Friday, 1 June 2012
By Will Strauss
When the Chancellor of the Exchequer George Osborne promised tax breaks for the animation industry earlier this year there was much rejoicing throughout the UK, not least in England’s North West.
With a great heritage in animated children’s programming (both stop-frame and cartoon), Greater Manchester and its surrounding area is one of the parts of the country that will benefit most if/when the proposed financial incentives are put in place.
Having lost Danger Mouse producer Cosgrove Hall in 2010, and seen some animation outsourced to countries that can boast either cheaper labour or tax breaks (or indeed both), being able to claim a decent percentage of a production budget back against tax is quite rightly viewed as potentially great news for the North West which is, of course, the new home of BBC Childrens and the “birthplace” of Bob The Builder, Roary The Racing Car et al.
Depending on how the tax break is issued, it promises to: allow certain animated productions to stay in this country that would have otherwise gone abroad: provide training and job opportunities for the next generation: prompt the production of more series and a wider variety of types of programming; and strengthen the UK’s position as the world’s leading exporter of pre-school programming.
Perhaps most important of all in a genre like Children’s TV where rights exploitation is key, it should also allow all intellectual property to remain on these shores.
However, with full details yet to be confirmed, the launch still a year away and some skepticism surrounding the government’s motives for such a plan, there are nagging concerns.
Evidence of this was made clear during a recent Westminster Media Forum called ‘Financing children's media - IP, co-pros and public policy support ‘ when a range of contributors welcomed the proposed tax break but warned that it alone will not solve all of Childrens TV’s problems.
FremantleMedia Enterprises’ president of Kids & Family Entertainment Sander Schwartz for one suggested that the UK needs to look beyond its pre-school expertise and embark on the production of what he described as “animated comedies with international appeal” or boys’ “action adventure series.”
These types of programme, he said, are in demand around the world and should be a target for the UK.
Zodiak Media chief executive of kids’ and family Nigel Pickard Pickard, a former director of programmes at ITV, added to that call for a greater range of content and also claimed that some producers were concerned that drama and factual programmes might suffer as a result of more animation commissioning. He cited France as an example of a country where this had already happened.
Pickard also bemoaned the percentage of homegrown television shown to children in the UK. Statistics suggest that he is right to do so. “Five years ago Ofcom research revealed that of the 113 thousand hours of TV broadcast to kids in this country,” he said. “Only 1% of that content is newly made here in the UK per annum.”
With that in mind, plus the deterioration in the number of commissioning broadcasters for children’s shows, the introduction of the HFSS regulations regarding junk food advertising plus an emphasis by US broadcasters to keep their production close to home, it may come as no surprise to learn that tax breaks for animation are not the only initiative being sought by UK producers with an interest in kids TV.
Newly formed campaigning body the Children's Media Foundation has launched an initiative to attract £30m worth of funding that can be used to commission children's TV and film.
Pickard said: [Our] proposal is that, post Olympics, and as part of the Growth Agenda, Lottery funding should be diverted to create an alternative commissioner for kids content.
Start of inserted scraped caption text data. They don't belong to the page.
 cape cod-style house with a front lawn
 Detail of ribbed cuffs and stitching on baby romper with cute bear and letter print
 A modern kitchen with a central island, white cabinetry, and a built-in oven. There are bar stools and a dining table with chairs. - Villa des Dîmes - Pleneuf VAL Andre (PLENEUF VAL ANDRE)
We should re-examine what the lottery is for. If it’s to support culture, then in a kids’ world it is very much screen based. For many kids TV and digital content is their culture.”
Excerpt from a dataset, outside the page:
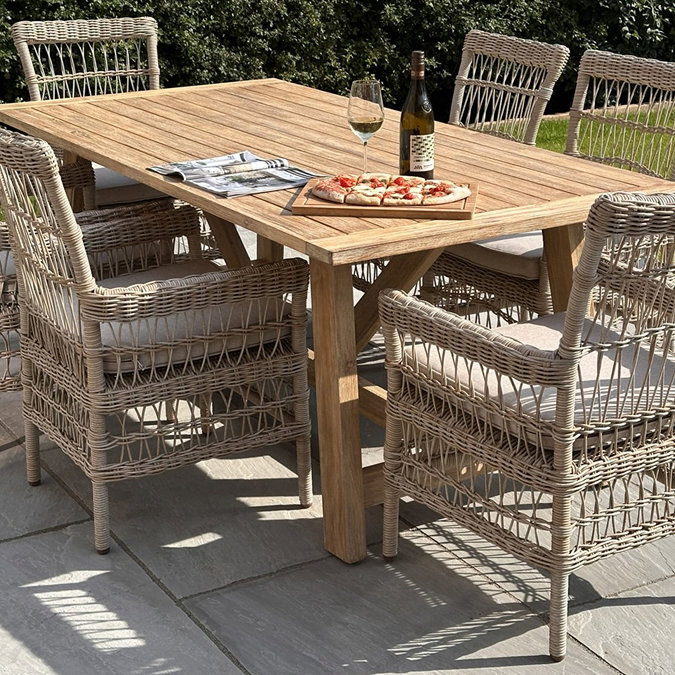 image of rectangular 6 seater acacia wood dining table on a garden patio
The pot of money would be used to produce cross-platform content across a number of genres, not just animation, with delivery made via a video-on-demand kids network online and through “TV window deals with the commercial broadcasters on a series by series basis,” allowing them to co-invest in TV and digital content. A 5-year cost plan for such a proposition has been put together.
Although somewhat audacious, its motives should be applauded, especially in the North West.
While some children’s TV and animation companies around Manchester have continued to do well through recent lean times, including one, McKinnon and Saunders, that I myself visited recently, there are still those living on the bread line.
With a combination of correctly administered tax breaks and a new, government funded, commissioning and distribution network, we could see kids TV in this part of the country return to the heights it achieved before the demise of Cosgrove Hall.
Without them we may as well all pack up our plasticine, our foam latex, our silicone and our copies of 3ds Max and go home.
Will Strauss [www.willstrauss.co.uk] is a Leeds-based freelance journalist and regular contributor to various TV industry publications including Broadcast.